● **Work item**
All lines with the word "Accessory" must be pulled from the entries below.

● **Data for analysis**
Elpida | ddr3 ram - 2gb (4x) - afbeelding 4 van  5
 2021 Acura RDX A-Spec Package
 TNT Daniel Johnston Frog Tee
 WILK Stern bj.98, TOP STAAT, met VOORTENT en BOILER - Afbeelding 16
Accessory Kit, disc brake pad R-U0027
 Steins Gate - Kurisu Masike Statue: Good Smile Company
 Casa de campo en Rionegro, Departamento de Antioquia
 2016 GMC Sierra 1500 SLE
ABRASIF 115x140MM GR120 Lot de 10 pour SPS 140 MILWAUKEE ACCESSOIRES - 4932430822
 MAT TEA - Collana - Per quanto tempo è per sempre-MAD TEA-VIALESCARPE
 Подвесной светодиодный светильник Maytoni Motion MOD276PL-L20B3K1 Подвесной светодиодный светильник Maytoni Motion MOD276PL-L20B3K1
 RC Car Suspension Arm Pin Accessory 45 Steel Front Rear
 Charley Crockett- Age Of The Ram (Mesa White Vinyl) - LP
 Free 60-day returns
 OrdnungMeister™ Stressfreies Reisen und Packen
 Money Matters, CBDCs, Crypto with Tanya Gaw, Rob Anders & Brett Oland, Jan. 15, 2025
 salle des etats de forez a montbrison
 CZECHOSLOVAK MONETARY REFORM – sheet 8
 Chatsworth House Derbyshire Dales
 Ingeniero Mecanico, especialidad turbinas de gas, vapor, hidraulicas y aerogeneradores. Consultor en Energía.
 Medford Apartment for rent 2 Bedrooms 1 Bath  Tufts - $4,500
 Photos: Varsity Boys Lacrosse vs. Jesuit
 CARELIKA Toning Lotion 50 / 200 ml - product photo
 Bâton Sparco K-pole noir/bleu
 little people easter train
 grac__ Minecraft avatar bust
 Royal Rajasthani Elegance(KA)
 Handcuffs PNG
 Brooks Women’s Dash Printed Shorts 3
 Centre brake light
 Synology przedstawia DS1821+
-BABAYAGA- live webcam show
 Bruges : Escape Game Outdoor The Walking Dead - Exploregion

● **Output**
Accessory Kit, disc brake pad R-U0027
 RC Car Suspension Arm Pin Accessory 45 Steel Front Rear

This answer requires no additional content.